Tuesday, 25 June, 2019

United Nations warns world must take "unprecedented" steps on global warming

Climate change,UN,UN report on climate change Landmark UN climate report warns time quickly running out
Sandy Nunez | 10 October, 2018, 02:43

In the 728-page document, the United Nations organization detailed how Earth's weather, health and ecosystems would be in better shape if the world's leaders could somehow limit future human-caused warming to just 0.9 degrees Fahrenheit (a half degree Celsius) from now, instead of the globally agreed-upon goal of 1.8 degrees F (1 degree C). Coral reefs would be devastated-about 70%-90% would be lost with a 1.5 degree increase; nearly all the world's reefs would be eviscerated if average temperatures rose by more than two degrees.

More than 2,500 were killed in India when temperatures reached highs of 48 degrees between May and June three years ago.

A much-anticipated report from the world's leading authorities on climate change has reignited a debate over the usefulness of the "carbon budget".

From the beginning of next year, a new global pact will take effect that could have a profound impact on climate change, cutting harmful greenhouse gas emissions by amounts that could help stave off some of the worst impacts predicted by the IPCC.

At 1.5 degrees, the authors predict the Arctic Ocean will be free of sea ice once per century.

The key benefits will come from "large-scale and rapid" transitions, the report said.

This little-noticed treaty has nothing to do with the Paris accord, the United Nations Framework Convention on Climate Change negotiations that have dragged on since 1992, or energy sector emissions, which have resumed their rise.

"Every extra bit of warming matters, especially since warming of 1.5 °C or higher increases the risk associated with long-lasting or irreversible changes, such as the loss of some ecosystems", said Hans-Otto Pörtner, Co-Chair of IPCC Working Group II.

Brent crude drops below $83 on expectations Iran will maintain some exports
"Some of our companies have already nominated their quota for November", said the Minister for Petroleum and Natural Gas to PTI. Of the 220.4 million metric tonnes (million MT) of crude oil imported by India in 2017-18, about 9.4% was from Iran.

"Even then we're probably going to have to implement different options that start taking carbon dioxide out of the atmosphere and storing it either underground or in trees or products".

Environmental campaign group 350.org said it is already taking collective action to ensure 50 Australian federal politicians receive personally delivered copies of the IPCC report.

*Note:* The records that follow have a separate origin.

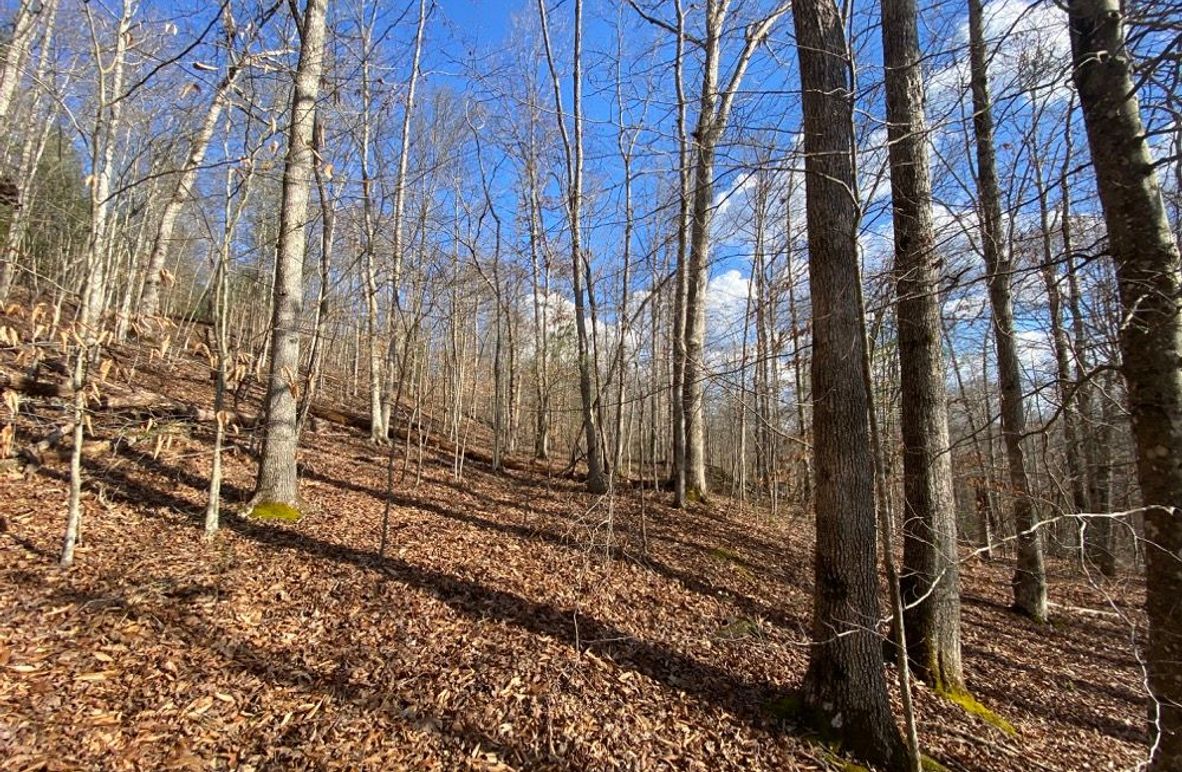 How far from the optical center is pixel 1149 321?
2.27 metres

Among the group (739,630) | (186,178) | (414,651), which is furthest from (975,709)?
(186,178)

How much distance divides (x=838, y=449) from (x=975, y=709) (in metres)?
2.54

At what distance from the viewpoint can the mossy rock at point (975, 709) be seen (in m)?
3.80

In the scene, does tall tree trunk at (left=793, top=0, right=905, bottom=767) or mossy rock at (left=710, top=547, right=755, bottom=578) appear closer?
tall tree trunk at (left=793, top=0, right=905, bottom=767)

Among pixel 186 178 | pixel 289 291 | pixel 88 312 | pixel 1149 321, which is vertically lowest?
pixel 1149 321

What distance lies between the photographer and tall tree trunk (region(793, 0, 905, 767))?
3.16m

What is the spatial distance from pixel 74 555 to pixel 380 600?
227 cm

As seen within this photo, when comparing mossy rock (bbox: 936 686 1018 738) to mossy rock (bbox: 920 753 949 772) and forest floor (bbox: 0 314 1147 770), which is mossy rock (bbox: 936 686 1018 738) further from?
mossy rock (bbox: 920 753 949 772)

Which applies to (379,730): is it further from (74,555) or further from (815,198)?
(815,198)

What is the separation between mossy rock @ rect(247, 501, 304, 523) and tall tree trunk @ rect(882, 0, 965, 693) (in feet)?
18.8

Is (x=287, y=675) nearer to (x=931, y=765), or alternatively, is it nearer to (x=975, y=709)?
(x=931, y=765)

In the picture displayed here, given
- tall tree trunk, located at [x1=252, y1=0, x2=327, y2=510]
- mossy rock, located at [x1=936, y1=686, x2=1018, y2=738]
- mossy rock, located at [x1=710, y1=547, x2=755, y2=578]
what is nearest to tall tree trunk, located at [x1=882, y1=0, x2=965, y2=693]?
mossy rock, located at [x1=936, y1=686, x2=1018, y2=738]

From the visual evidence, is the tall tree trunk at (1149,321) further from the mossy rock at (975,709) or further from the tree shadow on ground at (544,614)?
the tree shadow on ground at (544,614)

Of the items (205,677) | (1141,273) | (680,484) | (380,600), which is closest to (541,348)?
(680,484)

World Wildlife Fund Australia campaigner Monica Richter said food waste is one area where consumer decisions can make an impact on global warming.

The newly published IPCC report highlights and compares the predicted severity of numerous climate change threats in scenarios with a 1.5°C, and 2°C temperature rise.

Using carbon capture and storage (CCS) technology, the share of gas-fired power would need to be cut to 8 percent and coal to under 2 percent.

"With more than 6,000 scientific references cited and the dedicated contribution of thousands of expert and government reviewers worldwide, this important report testifies to the breadth and policyrelevance of the IPCC", said Hoesung Lee, Chair of the IPCC. "Those pathways, at least in the special report, do not change with the updated carbon budget, as the calculations were done before the carbon budget was revised". If they act now, they can seize new opportunities from innovative technologies, rather than risk onerous costs as climate change makes previous business models unsustainable. The decision to eat less meat, particularly beef, and dairy products has been identified by researchers as making a bigger impact on lowering greenhouse gas emissions than reducing flights or buying an electric auto. It will be one of the main items discussed at a global conference in Poland in December, when governments will review the Paris Agreement (which the U.S. withdrew from in June 2017). Global net emissions of carbon dioxide would need to fall by 45 per cent from 2010 levels by 2030 and reach "net zero" around 2050.

A spokeswoman for the state department said the USA is "leading the world in providing affordable, abundant, and secure energy to our citizens, while protecting the environment and reducing emissions through job-creating innovation".

As climatologist Michael Mann told National Geographic, the more we can to prevent this temperature rise, the better.